# Can you use +P ammo in the SR9c?



## rlamppa1

Just picked up my new SR9C this weekend. Going to the range tomorrow to give it a try. Can't wait. I have had my eye on the gun for quite awhile. Finally found one at a good price. Just wondering if their are any good break-in tips, and if it is OK to shoot +p ammo in it for self defense purposes? Thanks.


----------



## VAMarine

What does your *instruction manual* say? I'll give you a hint, it's on pg 13.


----------



## TedDeBearFrmHell

VAMarine said:


> What does your *instruction manual* say? I'll give you a hint, it's on pg 13.


what a novel idea! who would have thought? many a time i wished there were some type of book for my new gun that had break in requirements, cleaning instructions, ammo to be used and perhaps hints on field stripping it as well as warranty info..... will wonders never cease?


----------



## Overkill0084

To be fair, the info provided on page 13 doesn't exactly jump out at you.

"The SR-SERIES pistols are compatible with all factory ammunition of the
correct caliber loaded to U.S. Industry Standards, including high-velocity and
hollow-point loads, loaded in brass, aluminum, or steel cartridge cases. No 9mm
Parabellum or .40 S&W ammunition manufactured in accordance with NATO,
U.S., SAAMI, or CIP standards is known to be beyond the design limits or known
not to function in these pistols."

If one isn't familiar with the details of SAAMI or CIP specs, you could read that and still not really know whether +P is a good idea. It was obviously written by the legal dept, not by a person who wishes to be understood.


----------



## rlamppa1

Thanks for the non smart ass response Overkill. It is much appreciated. The owners manual is not always the greatest source of real world info.


----------



## TedDeBearFrmHell

Overkill0084 said:


> To be fair, the info provided on page 13 doesn't exactly jump out at you.
> 
> "The SR-SERIES pistols are compatible with all factory ammunition of the
> correct caliber loaded to U.S. Industry Standards, including high-velocity and
> hollow-point loads, loaded in brass, aluminum, or steel cartridge cases. No 9mm
> Parabellum or .40 S&W ammunition manufactured in accordance with NATO,
> U.S., SAAMI, or CIP standards is known to be beyond the design limits or known
> not to function in these pistols."
> 
> If one isn't familiar with the details of SAAMI or CIP specs, you could read that and still not really know whether +P is a good idea.

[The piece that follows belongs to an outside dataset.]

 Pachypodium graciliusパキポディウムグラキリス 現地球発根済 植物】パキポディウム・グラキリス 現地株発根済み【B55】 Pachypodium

It was obviously written by the legal dept, not by a person who wishes to be understood.


yes, but one would have to read it then not understand it for be totally fair.....

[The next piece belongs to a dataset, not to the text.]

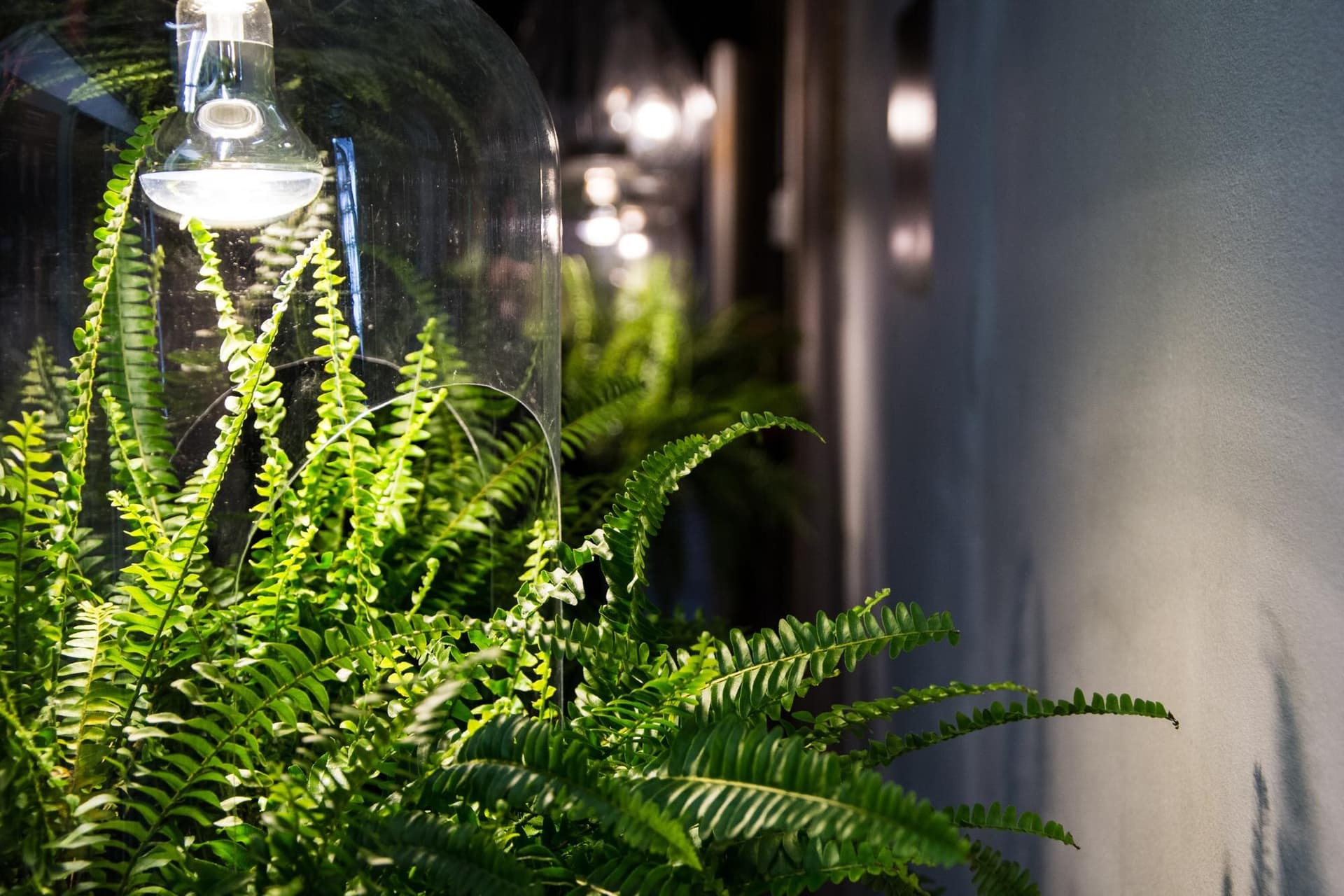 Designing a Pest-Resistant Outdoor Space with Eco-Friendly Practices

and how i read this _*"compatible with all factory ammunition of the
correct caliber loaded to U.S. Industry Standards, including high-velocity"*_ it means +p AND +p+ are fine to shoot ...... AND

*" No 9mm Parabellum....ammunition manufactured in accordance with NATO,
..... standards is known to be beyond the design limits or known
not to function in these pistols."*

looks like it can handle smg rounds too.....


----------



## TedDeBearFrmHell

rlamppa1 said:


> Thanks for the non smart ass response Overkill. It is much appreciated. The owners manual is not always the greatest source of real world info.

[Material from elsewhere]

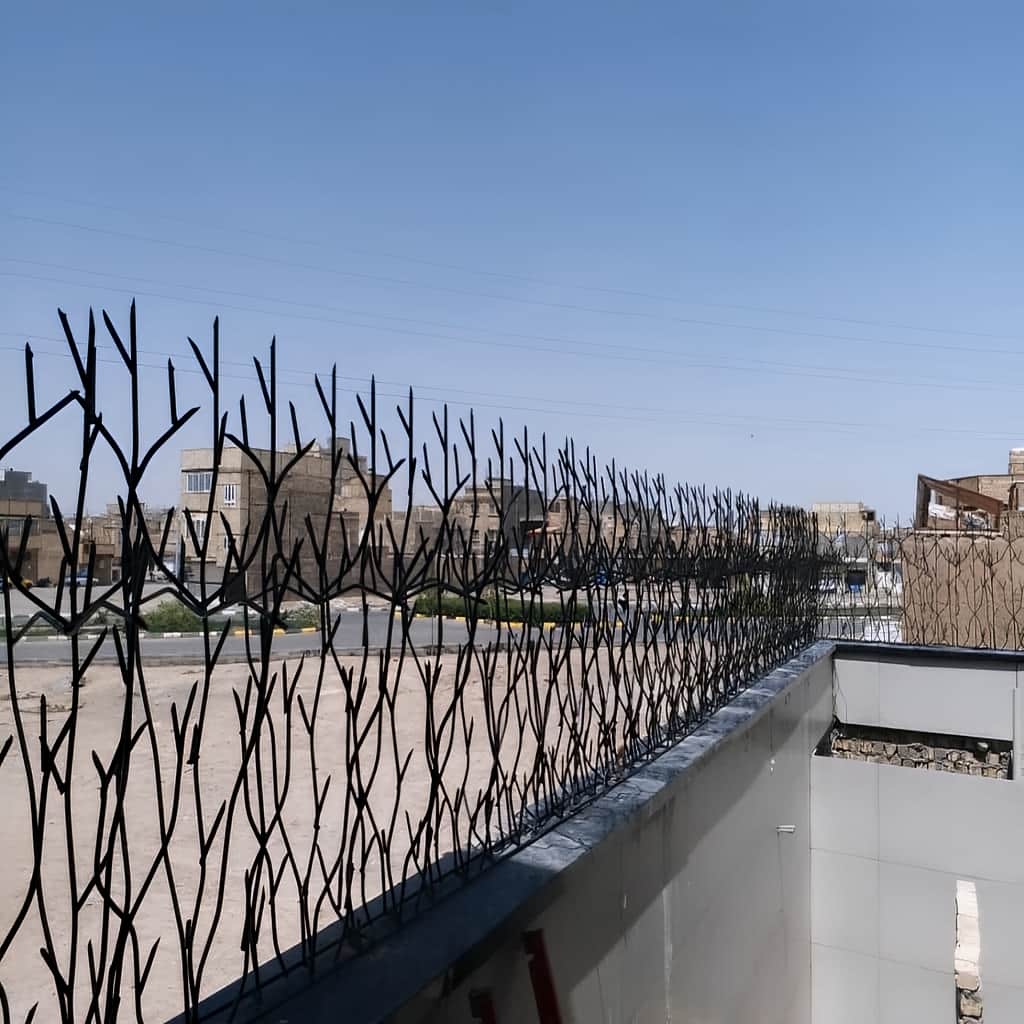 حفاظ شاخ گوزنی خاردار با جوشکاری تمیز اتصالات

it is the first and best source of information on any gun, new or new to you


----------



## Overkill0084

> Thanks for the non smart ass response Overkill. It is much appreciated. The owners manual is not always the greatest source of real world info.


No problem. Ruger manuals suck IMHO. Pages and pages of warnings with little tidbits of actual info scattered about here & there. Many are like that, but Ruger is the worst of the ones I've dealt with.


----------



## Overkill0084

TedDeBearFrmHell said:


> yes, but one would have to read it then not understand it for be totally fair.....
> 
> and how i read this _*"compatible with all factory ammunition of the
> correct caliber loaded to U.S. Industry Standards, including high-velocity"*_ *it means +p AND +p+ are fine to shoot ...... AND
> 
> " No 9mm Parabellum....ammunition manufactured in accordance with NATO,
> ..... standards is known to be beyond the design limits or known
> not to function in these pistols."*
> 
> looks like it can handle smg rounds too.....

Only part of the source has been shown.